Dia tersenyum. Bunga rumput bermekaran di dadaku. Malam itu kubawa senyumnya dalam tidur lelapku.
***
Hari memang cerah tapi segumpal awan selalu menggoda.
“ Tiada yang boleh mengikatku !” katanya lagi, suatu pagi menjelang berangkat sekolah,diulang-ulang seolah dia sedang menghafal satu puisi.
“Kecuali Tuhan !” sambungku.
“Tidak jugaTuhan !” bantahnya. Jelas aku kaget. Tapi aku sudah pengalaman main petak umpet.Aku harus tahu sebabnya.
“ Mau diantar ?” tawarku bercanda,” mengantar bukanlah mengikat, tapi melepas pelan-pelan…”
Dia keburu menggeleng. Mantap.Sebentar kemudian  seorang temannya menjemput. Pakai motor besar. Pria!. Wah ini lebih badai dari badai!.
Apa yang membuatnya Tuhan menjadi tidak begitu berarti lagi baginya? Malamnya, tanpa harus menggeledah , di atas meja belajarnya menggeletak seonggok puisi:
Tuan tuhan bukan ?
Permisi, saya sedang keluar ….*
Ow…! Ini biangnya !. Apa kataku, debu-debu menyusup juga ke kertas-kertas buku dan itu telah menyelinap ke dalam pikirannya. Aku sedih. Manusia mencoba dengan caranya sendiri menggapai-gapai Tuhan. Tapi tak jarang kabut begitu tebal menghalangi pandang mata hatinya. Mereka menggapai angan-angannya sendiri. Atau dia salah membuka pintu, sehingga yang terlihat cermin dan bayangan-bayangan terbalik?.
              Padahal, kemana pun kamu berlari, Tuhan senantiasa setia mengikutimu.Kamu sama sekali tak bisa mengelak dariNya.Aku ingat kisah seorang anak muda yang datang pada seorang guru di India ingin diajari agama. Dibawalah pemuda itu oleh Sang Guru ke tengah sungai. Disuruh menyelam, lalu ditekan kepalanya sampai lama. Setelah dilepas pemuda itu sambil megap-megap bertanya: “ Apakah guru mengajariku agama.?
                     “Ya. Apakah yang kau inginkan ketika kepalamu di dalam air? “
Pemuda itu diam.
“Mobil, kekayaan, wanita cantik?” pancing Sang Guru.
“Tidak ! Hanya udara”
“Nah kalau satu-satunya kebutuhanmu hanya kepada Tuhan , sama dengan kebutuhanmu ketika di dalam air terhadap udara, kau belajarlah !”
Pemuda itu, seperti sekian orang lainnya yang pernah datang pada Sang Guru itu, pergi dan tidak pernah kembali. Ya, begitulah Nak, kadang orang datang ke hadapan Tuhan tidak karena cinta, tapi untuk minta sesuatu, seolah sesuatu itu lebih penting ketimbang Dia sendiri. Pantas sekali banyak orang kurang begitu hormat kepada Tuhan , karena mereka tidak tahu inti hidup yang sesungguhnya.
Kubuang puisi itu ke tong sampah. Kucium apa yang kubelikan untuknya kemarin. Agaknya dia telah menyentuhnya meski sekali dua. Ada beberapa kalimat pada terjemahannya yang digarisbawahi. Syukurlah, dia telah mulai menyusuri peta kehidupan yang lurus dan penuh cahaya.  
“Tuhan tariklah merpatiku ke dalam cahaya. Sentuhlah hatinya dengan kelembutanMu. Amin……..!”

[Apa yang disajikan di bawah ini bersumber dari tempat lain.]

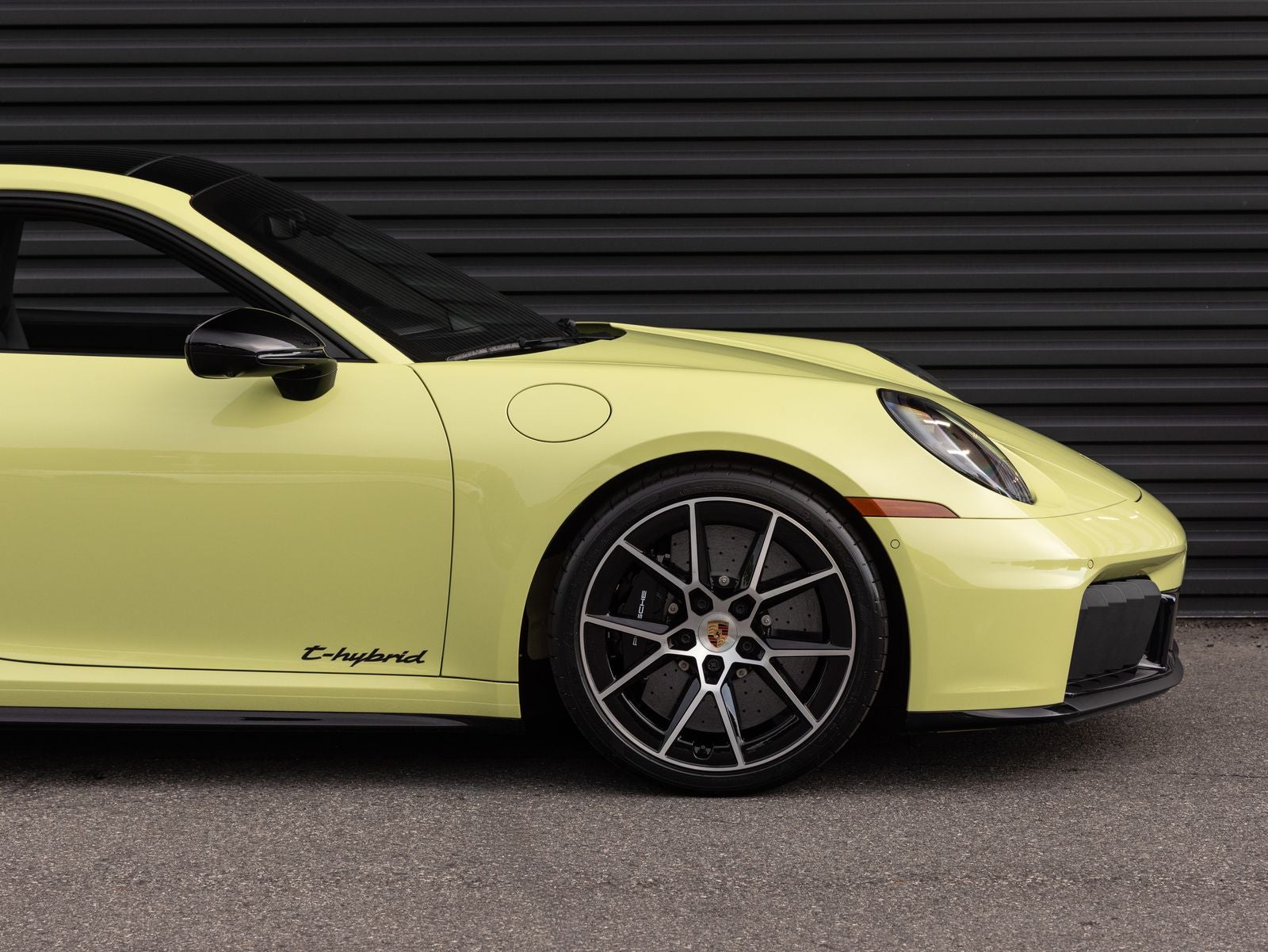 2025 Porsche 911 911 Carrera 4 GTS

Tapi memang belakangan hatiku jadi cepat khawatir. Hari ini agaknya dia pulang terlambat lagi. Aku menantinya dengan cemas. Berita – bertia di telavisi menjadi pupuk yang baik bagi kecemasan para orang tua.

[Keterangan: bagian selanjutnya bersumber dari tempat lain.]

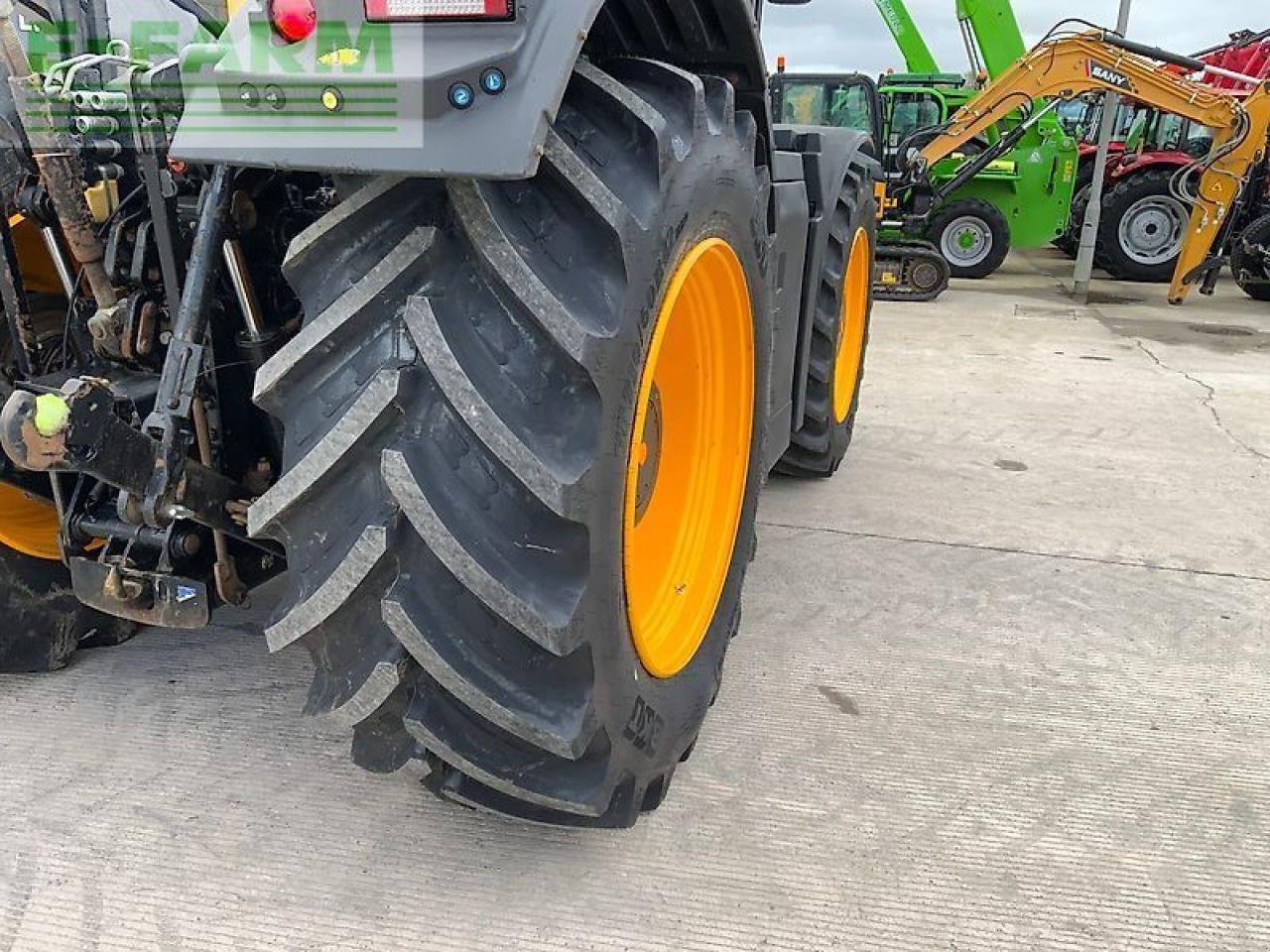 Traktor of the type JCB 8330 fastrac tractor (st25723), Gebrauchtmaschine in SHAFTESBURY (Picture 18)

Aku telah mengeluarkan motor bututku dari gudang. Dia datang diantar teman pria, pakai motor besar. Dia lagi.Aku batuk-batuk.
“ Maaf Yah, terlambat ! Ke ulang tahun teman.”
Aku tersenyum sedikit. Mengangguk sedikit. Sudah berapa kali diantar pria itu ? Siapa dia ? Sudah pergi ?
“ Namanya Daw, Yah. Dia dijauhi teman-teman. Mungkin karena nakal atau salah gaul. Atau karena anak seorang pejabat yang korup.Tapi Daw mencintaiku…………..”
“Oya ?” bagaimana caranya mengecilkan volume keterkejutan ?
Aku tersenyum. Cinta ? Aku tersenyum lagi. Tersenyum lagi.
“Yah ? Ayah kenapa ?”
“O, tidak !Ganti pakaian dulu, mandi, shalat !” komentarku. Dia duduk di dekatku.” Bagaimana sikap yang paling bijak, apa harus ikut memusuhinya juga ? katanya cinta dapat merubah segalanya………”
“Iya... Tapi………”
Aku lantas berkisah tentang seorang anak yang memancing di muara. Langit cerah. Dia berharap kailnya ditarik seekor ikan yang besar. Ibunya pasti senang. Dan harapanya terkabul. Anak itu tertarik sampai ke dalam perut ikan besar.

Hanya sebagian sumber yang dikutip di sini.